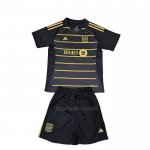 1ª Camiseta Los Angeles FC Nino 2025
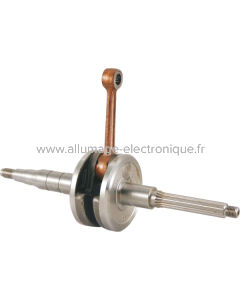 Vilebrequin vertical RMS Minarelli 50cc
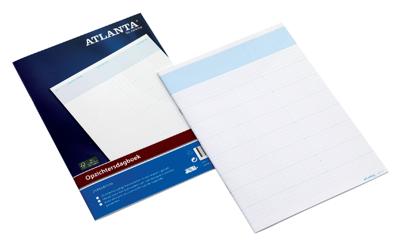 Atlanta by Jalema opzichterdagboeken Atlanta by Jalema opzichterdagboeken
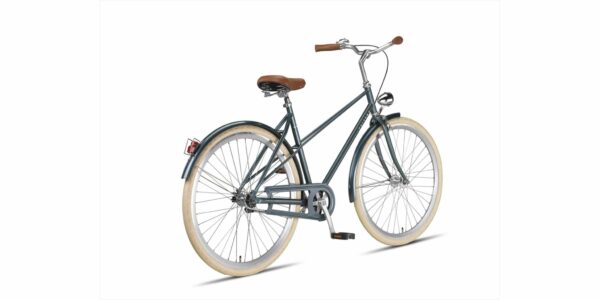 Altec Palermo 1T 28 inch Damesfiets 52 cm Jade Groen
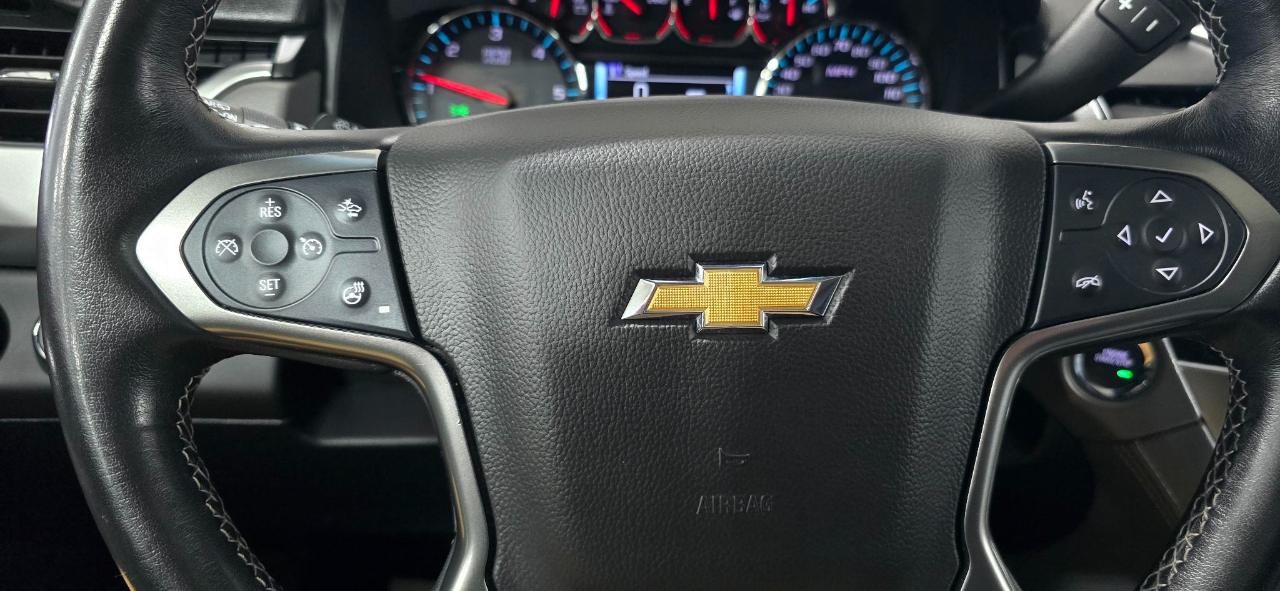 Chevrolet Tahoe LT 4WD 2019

* * *

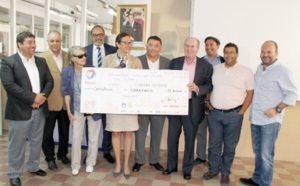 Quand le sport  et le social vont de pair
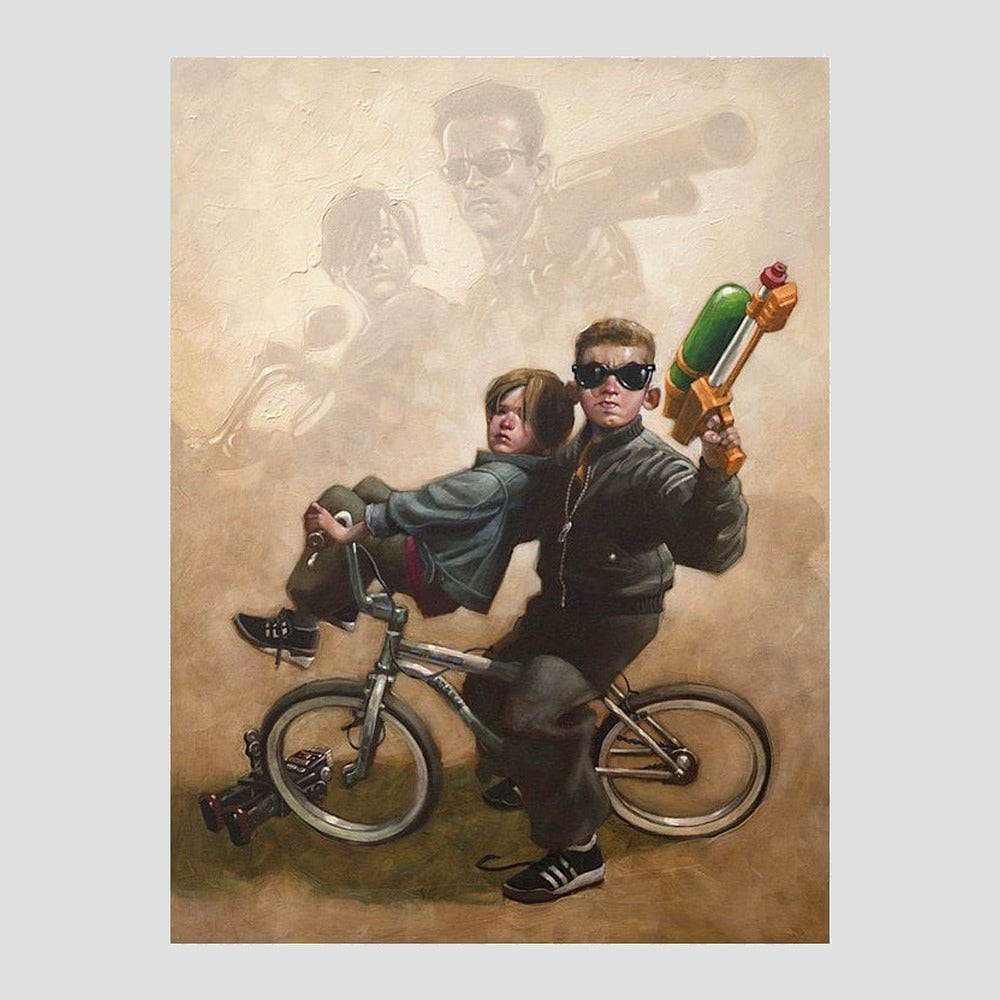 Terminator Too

(Task statement): Among the entries above, take the line with "1ª Camiseta Los Angeles FC Nino 2025", the line with "Chevrolet Tahoe LT 4WD 2019", and all the lines between them, and restate them word for word without pictures.

(Answer to this problem):
 1ª Camiseta Los Angeles FC Nino 2025
 Vilebrequin vertical RMS Minarelli 50cc
 Atlanta by Jalema opzichterdagboeken Atlanta by Jalema opzichterdagboeken
 Altec Palermo 1T 28 inch Damesfiets 52 cm Jade Groen
 Chevrolet Tahoe LT 4WD 2019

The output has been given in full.